Brief descriptive captions
_ _ _ _ _

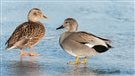 La population de canards se porte bien, selon un recensement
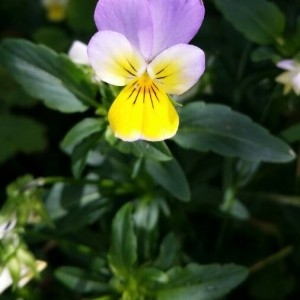Photographie n°2186338 du taxon Viola tricolor L. [1753]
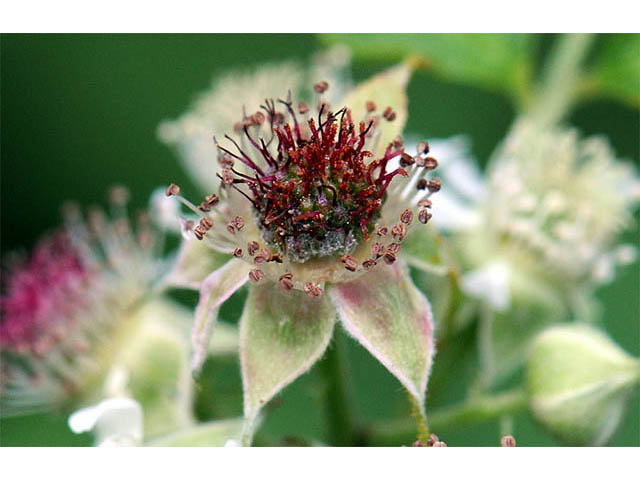 Rubus occidentalis (Black raspberry) #73241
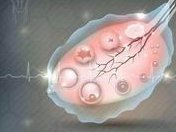 甘肃哪些医院的试管婴儿技术好？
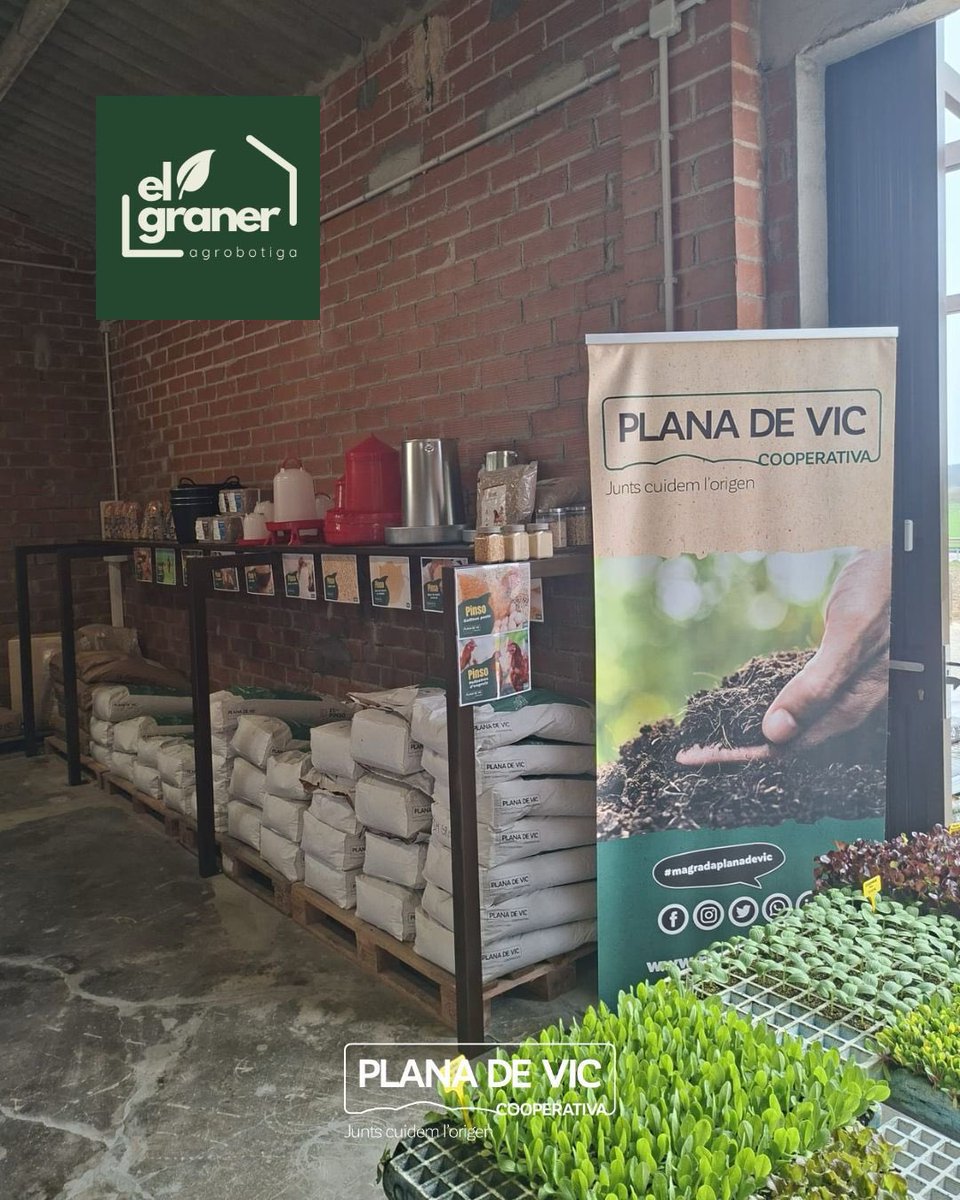 Plana de Vic tweet media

_ _ _ _ _

• REQUIREMENT
Please give the data again in full, exactly as written, but without any images.

• RESPONSE TO THE EXERCISE
 La population de canards se porte bien, selon un recensement
Photographie n°2186338 du taxon Viola tricolor L. [1753]
 Rubus occidentalis (Black raspberry) #73241
 甘肃哪些医院的试管婴儿技术好？
 Plana de Vic tweet media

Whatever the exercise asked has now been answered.